═════ GIVEN DATA ═════
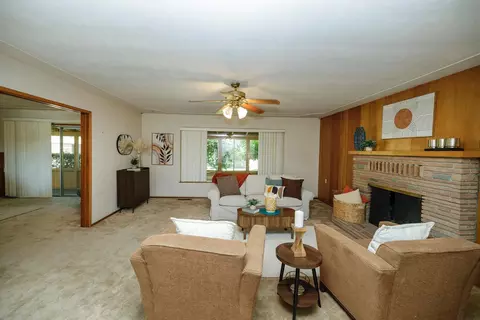 Living - 1065 Union Rd, Manteca, CA 95337 photo 1 of 11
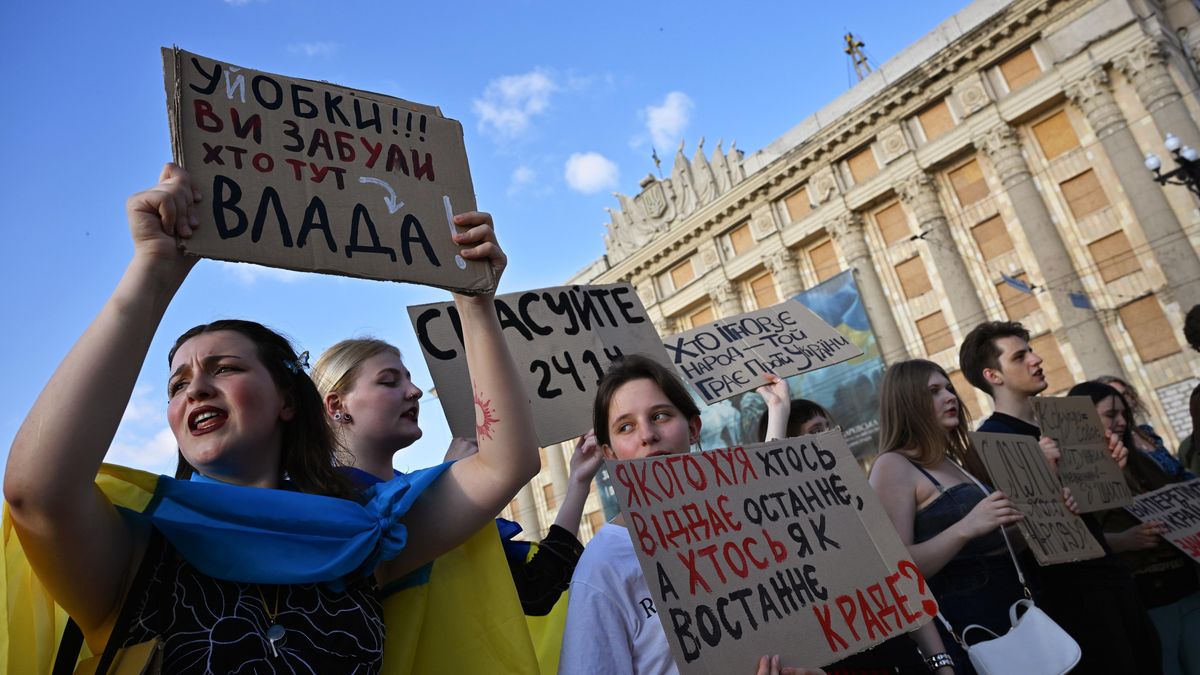 Ukrajinci jsou tak naštvaní, že se odvážili vyjít do ulic i v Charkově. Pouhých 30 kilometrů od fronty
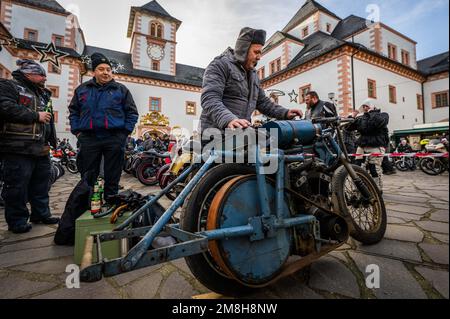 Augustusburg, Deutschland. 14. Januar 2023. Ulrich (r.) aus Gera ist einer der Teilnehmer des Wintertreffens von Motorradfahrern im Schloss Augustusburg 50. mit seinem Anzani-Standfahrrad. Nach der Annullierung der letzten zwei Jahre aufgrund der Pandemie kamen etwa 1300 Biker aus Deutschland und dem Ausland zur Jubiläumsausgabe. Das erste offizielle Wintertreffen fand 1971 unter schneebedeckten Bedingungen statt. Kredit: Kristin Schmidt/dpa-Zentralbild/dpa/Alamy Live News Stockfoto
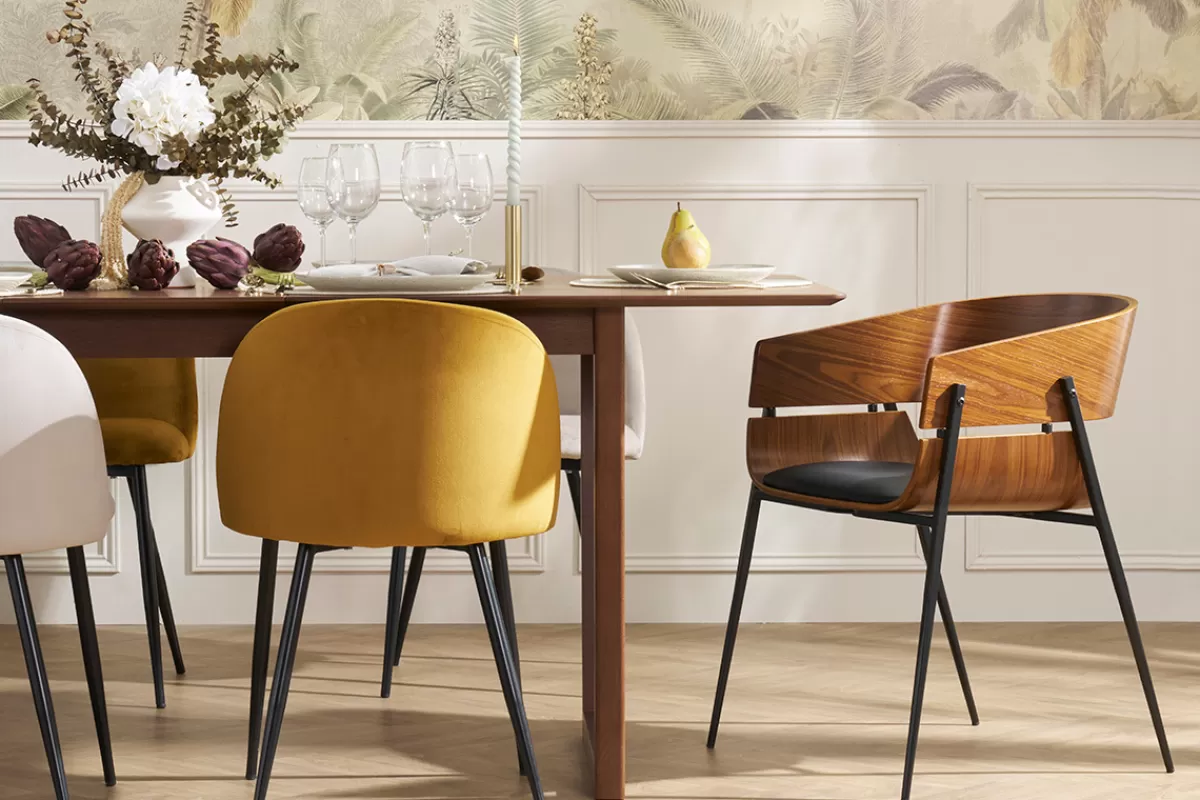 Miliboo Sillas Modernas-Set de 2 sillas de diseño de madera oscura y metal negro WESS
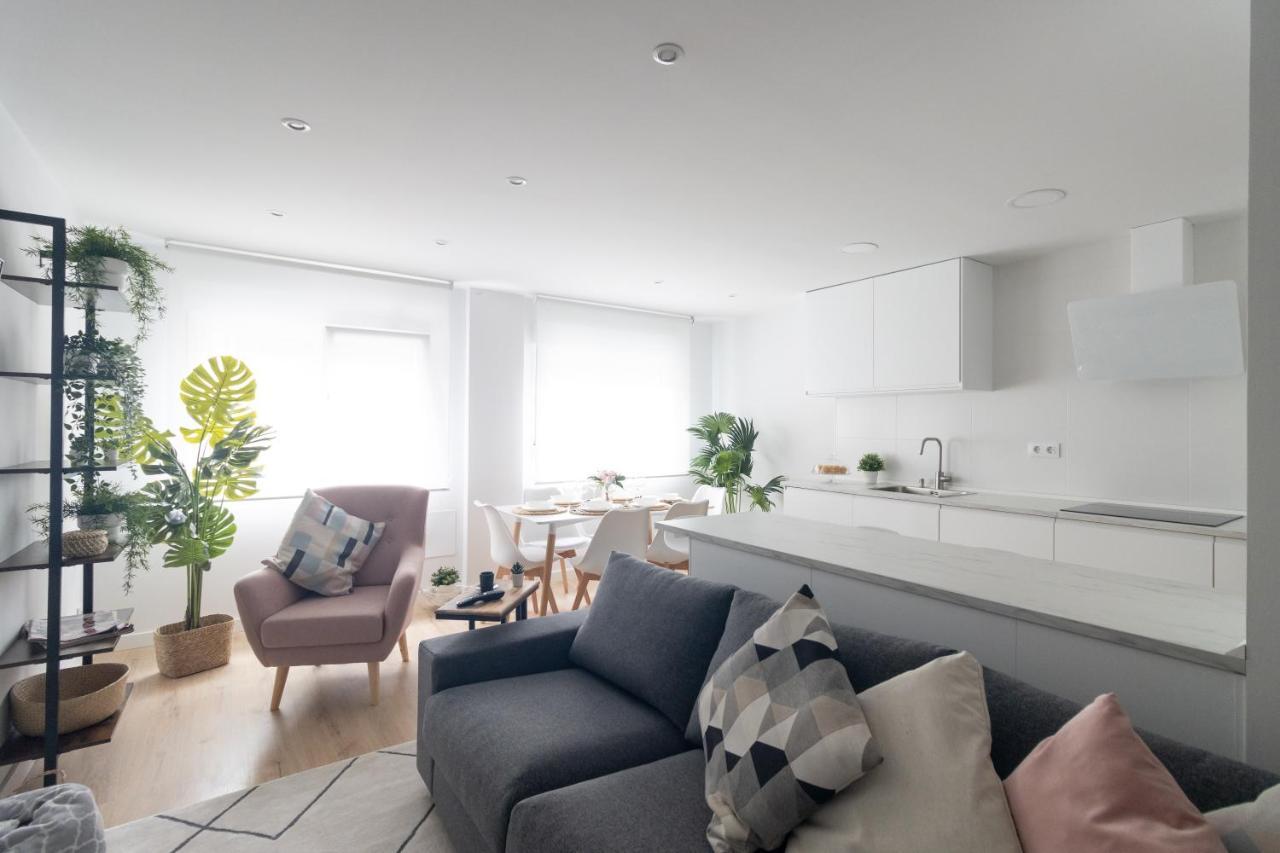 Lujoso Apartamento Entre 2 Playas Con Garaje, Wifi กิฮอน ภายนอก รูปภาพ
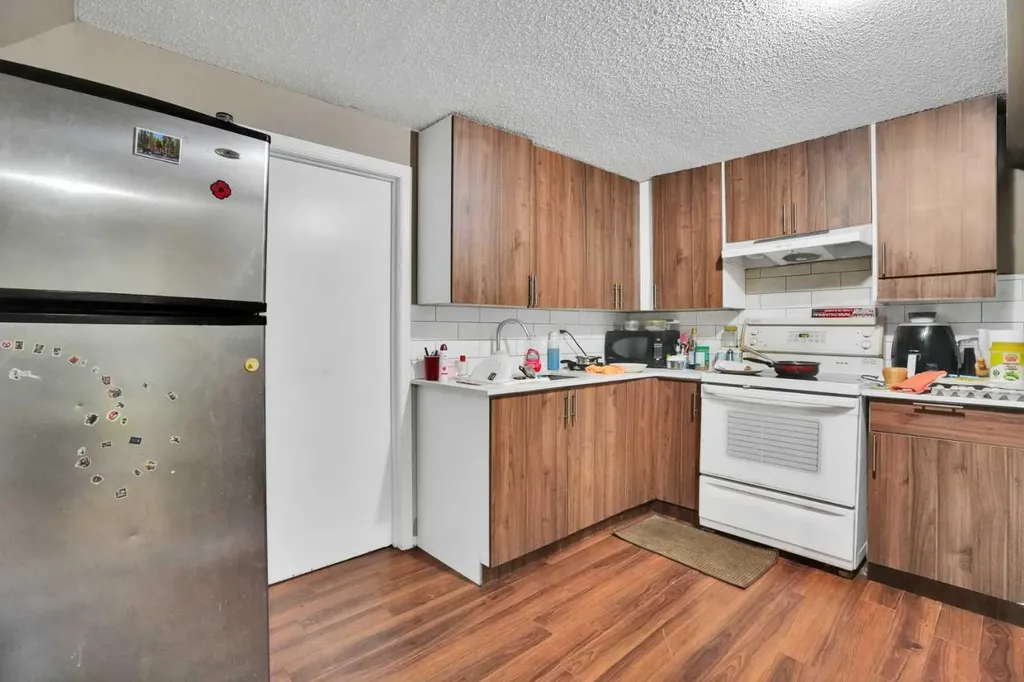 95 Castlegreen Close NE Calgary AB T3J 1Y6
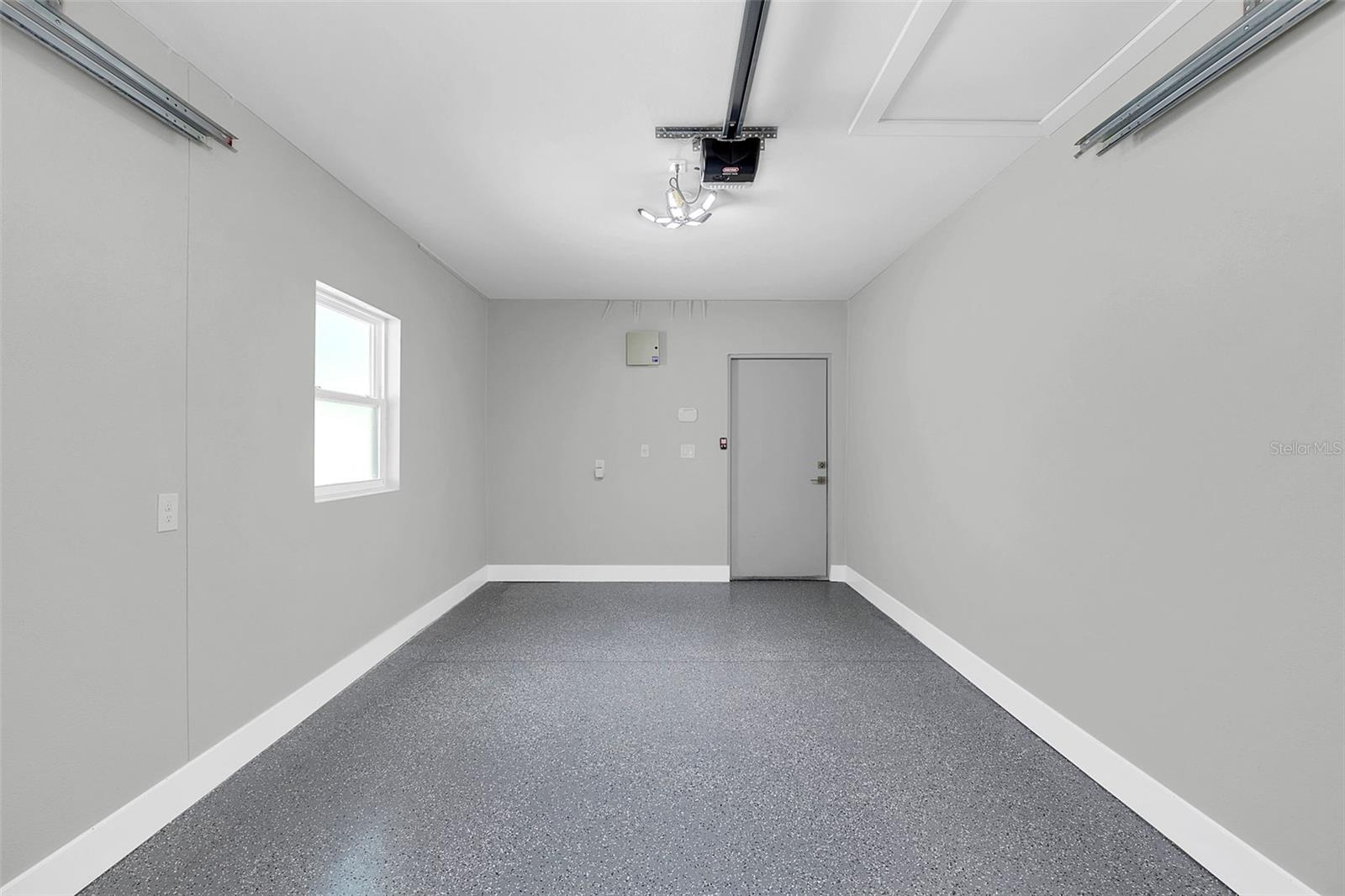 Image 35 of 38 For 2015 Summerfield Road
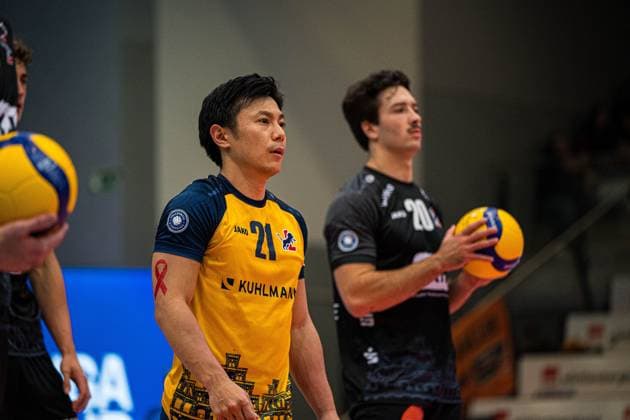 Volleyball I Men I Season 2025 2026 I Volleyball Bundesliga Ligacup I VfB Friedrichshafen SVG Lüenburg I 11 10 2025 Sho Takahashi 21, SVG Lüneburg hitting the ball Copyright: xLobeca Bjorn-OlexKehmx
═════
WORK TASK —
The entries above need an exact copy without their pictures.

EXERCISE ANSWER —
 Living - 1065 Union Rd, Manteca, CA 95337 photo 1 of 11
 Ukrajinci jsou tak naštvaní, že se odvážili vyjít do ulic i v Charkově. Pouhých 30 kilometrů od fronty
 Augustusburg, Deutschland. 14. Januar 2023. Ulrich (r.) aus Gera ist einer der Teilnehmer des Wintertreffens von Motorradfahrern im Schloss Augustusburg 50. mit seinem Anzani-Standfahrrad. Nach der Annullierung der letzten zwei Jahre aufgrund der Pandemie kamen etwa 1300 Biker aus Deutschland und dem Ausland zur Jubiläumsausgabe. Das erste offizielle Wintertreffen fand 1971 unter schneebedeckten Bedingungen statt. Kredit: Kristin Schmidt/dpa-Zentralbild/dpa/Alamy Live News Stockfoto
 Miliboo Sillas Modernas-Set de 2 sillas de diseño de madera oscura y metal negro WESS
 Lujoso Apartamento Entre 2 Playas Con Garaje, Wifi กิฮอน ภายนอก รูปภาพ
 95 Castlegreen Close NE Calgary AB T3J 1Y6
 Image 35 of 38 For 2015 Summerfield Road
 Volleyball I Men I Season 2025 2026 I Volleyball Bundesliga Ligacup I VfB Friedrichshafen SVG Lüenburg I 11 10 2025 Sho Takahashi 21, SVG Lüneburg hitting the ball Copyright: xLobeca Bjorn-OlexKehmx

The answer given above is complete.